The Corner Shop

5th February 2019

TGIF. Thank God It’s February. The shortest month, following what is indisputably the longest month of the year. Sure, the calendar says there’s only 31 days but I am convinced all the hours in January spent regretting the excessive mulled wine consumption and lying in bed feeling guilty about not using that ClassPass membership or sticking to Dry Jan equate to at least an additional 24 hours.

To further exasperate my innate Catholic Guilt, I decided to look back at the note I made on my phone at 3:21am on 01/01/19 detailing all the ways I would improve and really make this year, my year. So far, I’ve not taken up those conversational German classes (although I did google it), I’ve not listened to more podcasts (this list looks great though), I did put some money into savings but swiftly removed it when rent day rolled around and I did delete Tinder for at least a weekend. So a mixed bag, but the one resolution that I had completely forgotten about and feel no shame over is ‘Get super into yoga clasaasses’ (remember, it was 3:21am).

I gave it a go and I came out of class number one feeling great, kinda lightheaded and lacking in spatial awareness, but great.

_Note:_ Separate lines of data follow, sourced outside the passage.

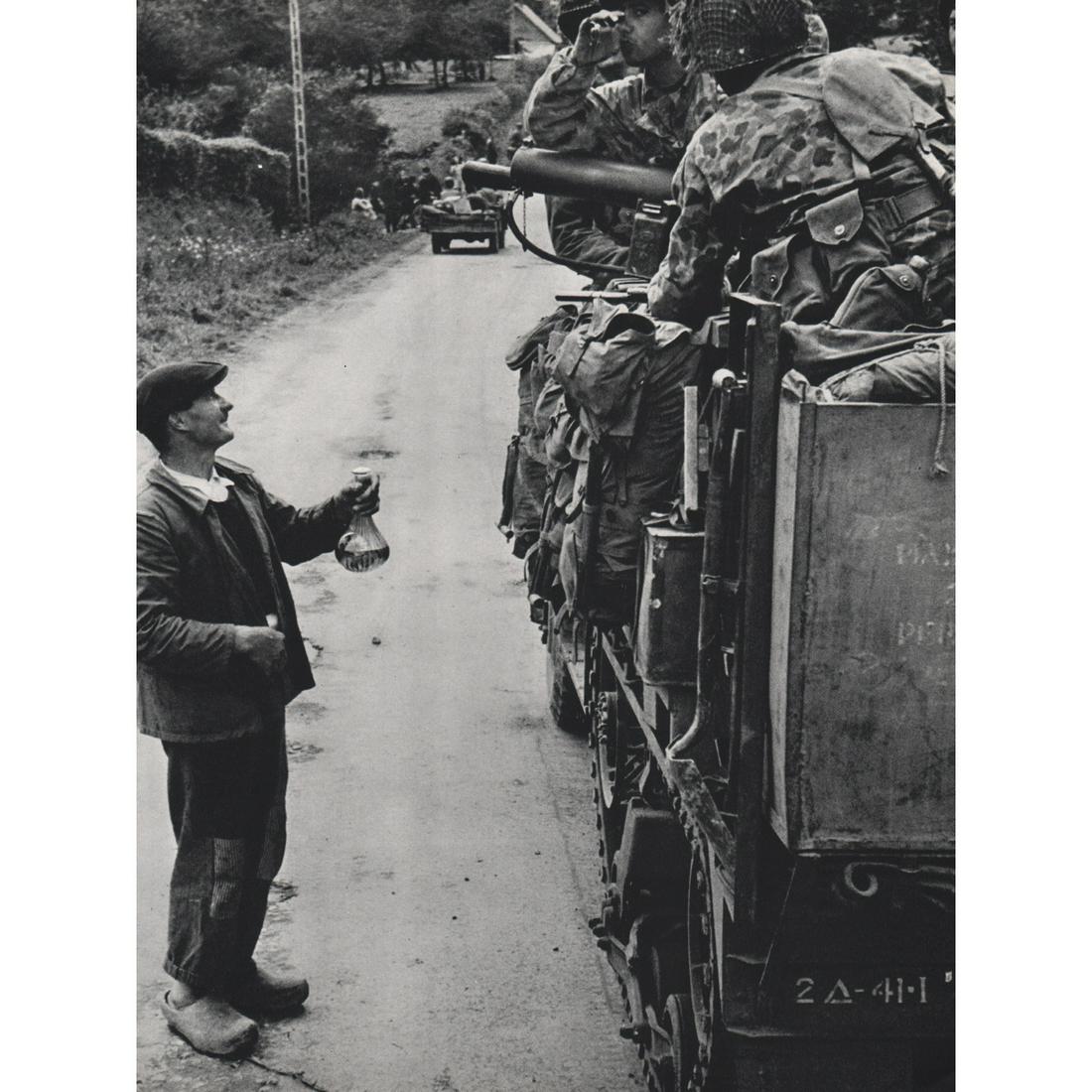 ROBERT CAPA - Patton's 4th Armored Division: Artist: ROBERT CAPA Print Title: Patton's 4th Armored Division moving toward Brittany Medium: Sheet-fed Gravure Printing Date: 1960's Printed in Italy Image Size approx: 12.5 x 9.5 inches Robert Capa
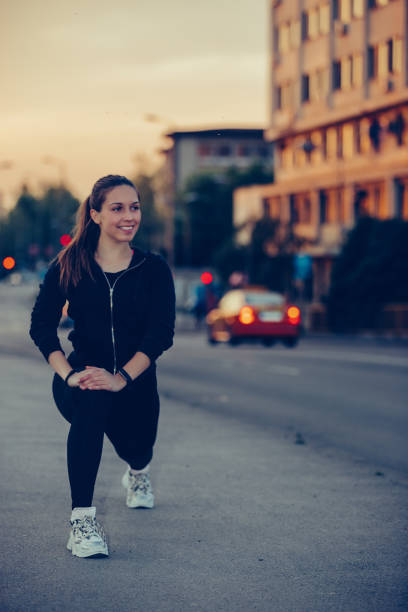 istock Girl stretching her legs on river bridge, preparing for evening workout 1157788745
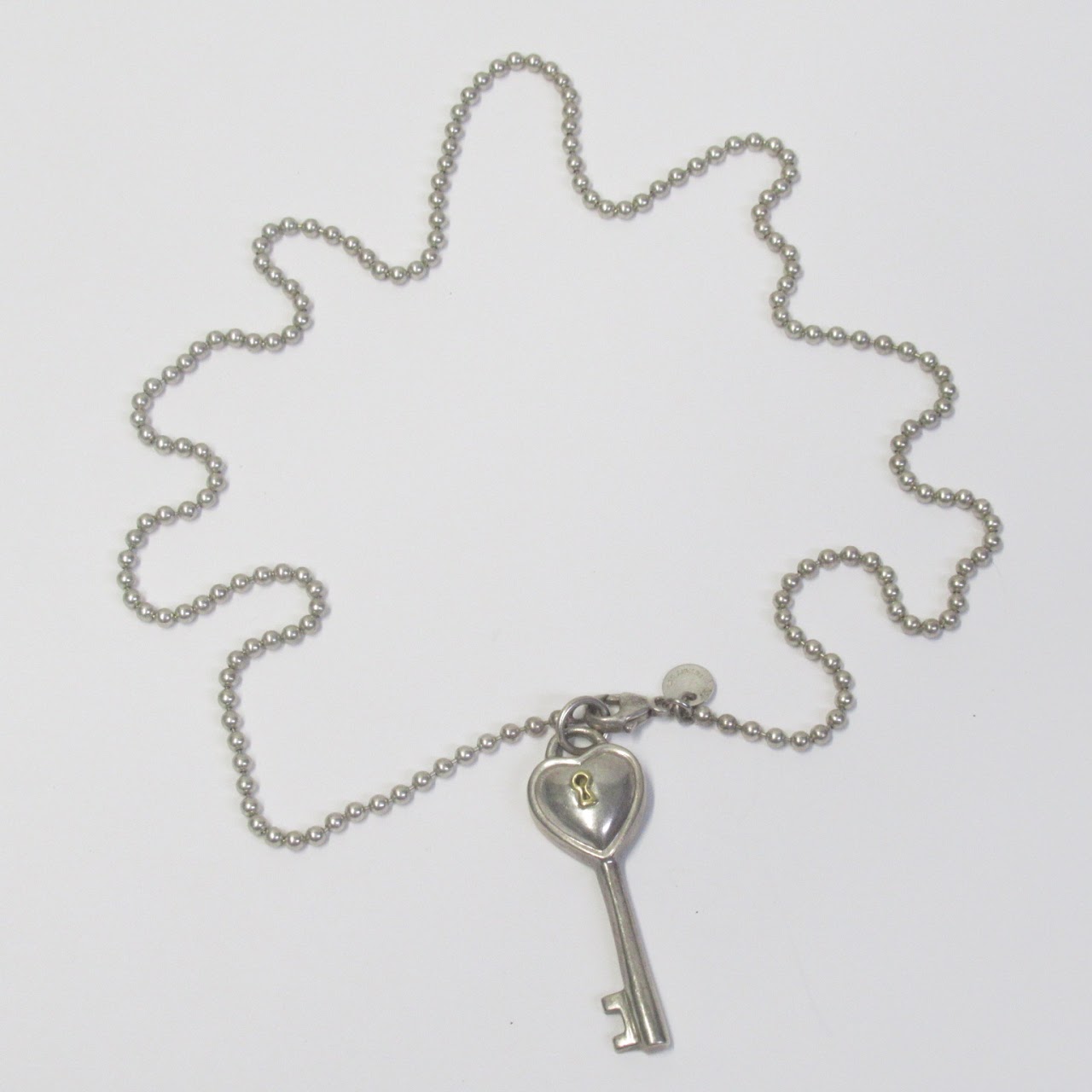 Tiffany & Co. Sterling Silver and 18K Gold Key Pendant Necklace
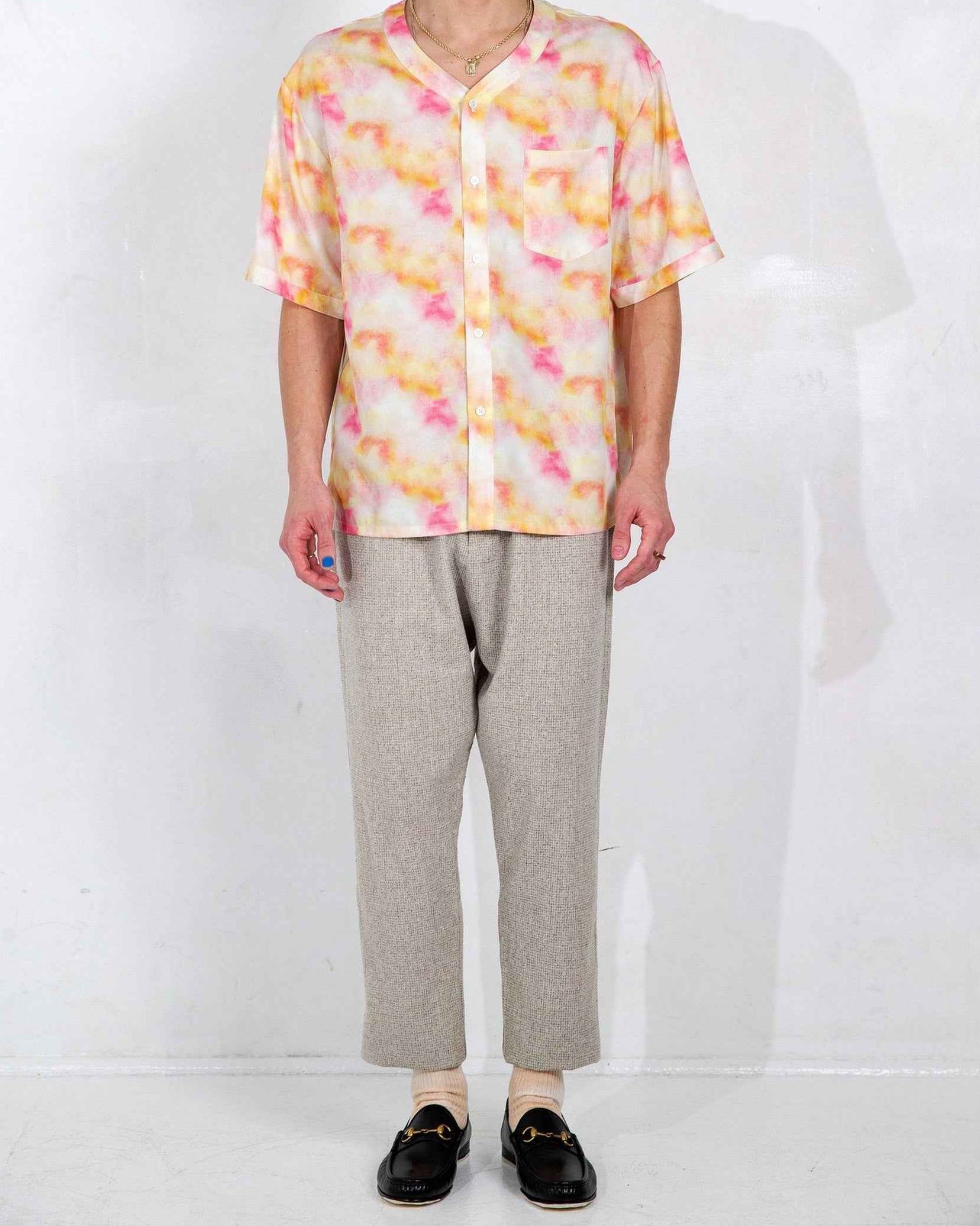 Valenzuela baseball collar shirt in red Dream Pop print, relaxed boxy fit with side slits, displayed on model.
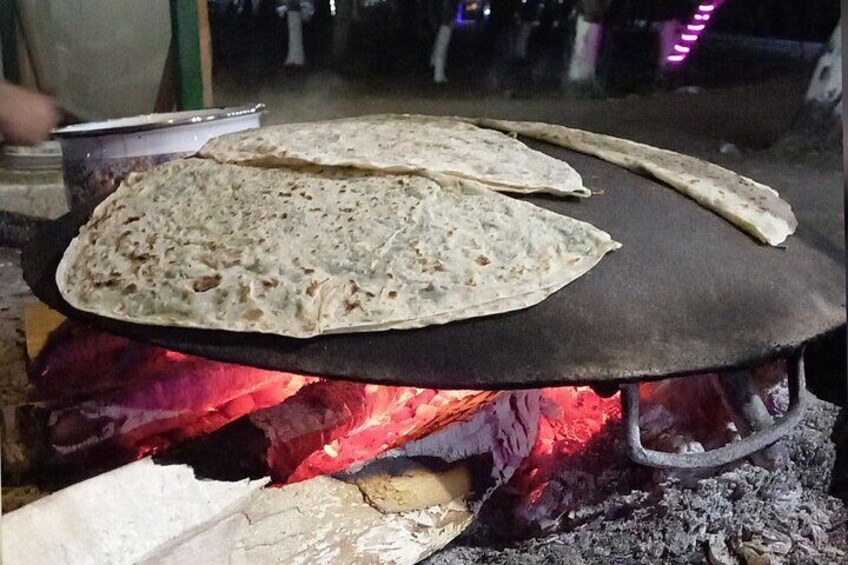 Kutab is a popular Azerbaijani dish made of thin dough filled with greens, meat, or pumpkin, then cooked on a griddle and served with yogurt or sumac.
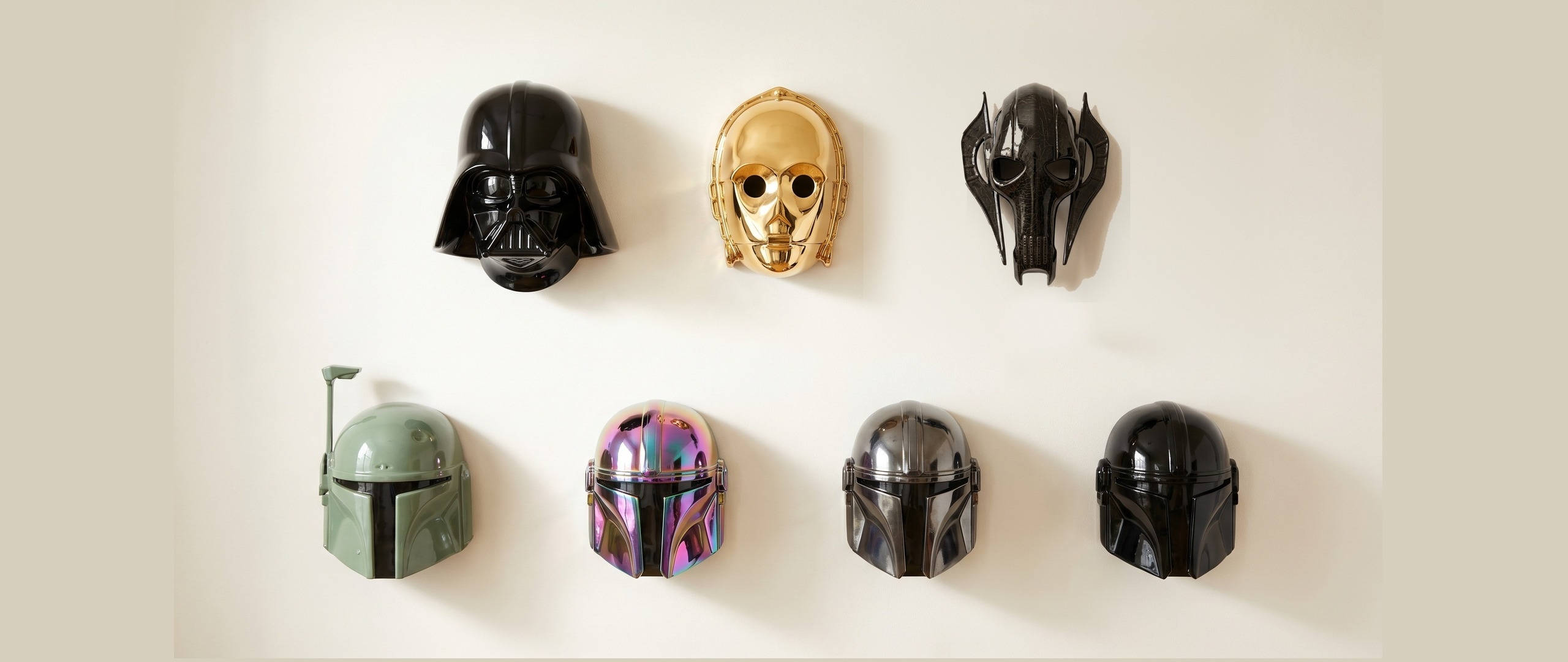 Five ceramic wall masks — Vader, Gold Protocol, Grievous, Boba Fett and the Armorer — arranged on a warm cream plaster wall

Then, second class, I’d had something of a busy day and just wanted to clear my head a bit so, bingo, my new pal, yoga. During this venture, I realised there’s a whole lot of lying around ‘relaxing’ at the start, where you can spend a whole lot of time thinking about all those emails that need dealing with and that passive aggressive voicemail from the landlord (we’re still 100% sure we didn’t invite the mice in, Mel), whilst listening to a lot of deep breathing. I was decidedly not ‘acknowledging the thoughts and worries and letting them drift from your brain’, I was clinging on to, over-analysing and silently catastrophizing over those bad boys.

And do you know what else, when you’ve got an attentive, decent teacher and they show you how to do the exercises probably, it’s tough, yoga’s a hard work out. Why does everyone else look so comfortable and relaxed whilst I’m wobbling like a wheelie suitcase on the Northern Line? So I came out annoyed, tired, wanting to tell everyone how, actually, I’m quite fit and I have, actually, run half marathons before, whilst dashing past the zen, Lulelemon-clad yoga goddesses to get back to my iPhone and sort my life out.

I’ve realised that relaxation and giving your brain a break isn’t a prescriptive, one size fits all thing. The antithesis to meditation, but it turns out the easiest way I can forget my worries and relax, is to do an hour of really intense, aggressive physical activity. Twice a week, I take to the netball court and unwaveringly come up against attackers who wilfully ignore the ‘non-contact’ part of the sport. I’ve taken up boxing classes, same deal, never been more chilled and full of endorphins than after a punching session. Ski holidays are the greatest de-stresser I’ve found, you can only worry so much about whether you set up that Direct Debit for the internet when you’re trying to say alive, hurtling down a mountain.

Give me a punchbag over a yoga mat any day of the week.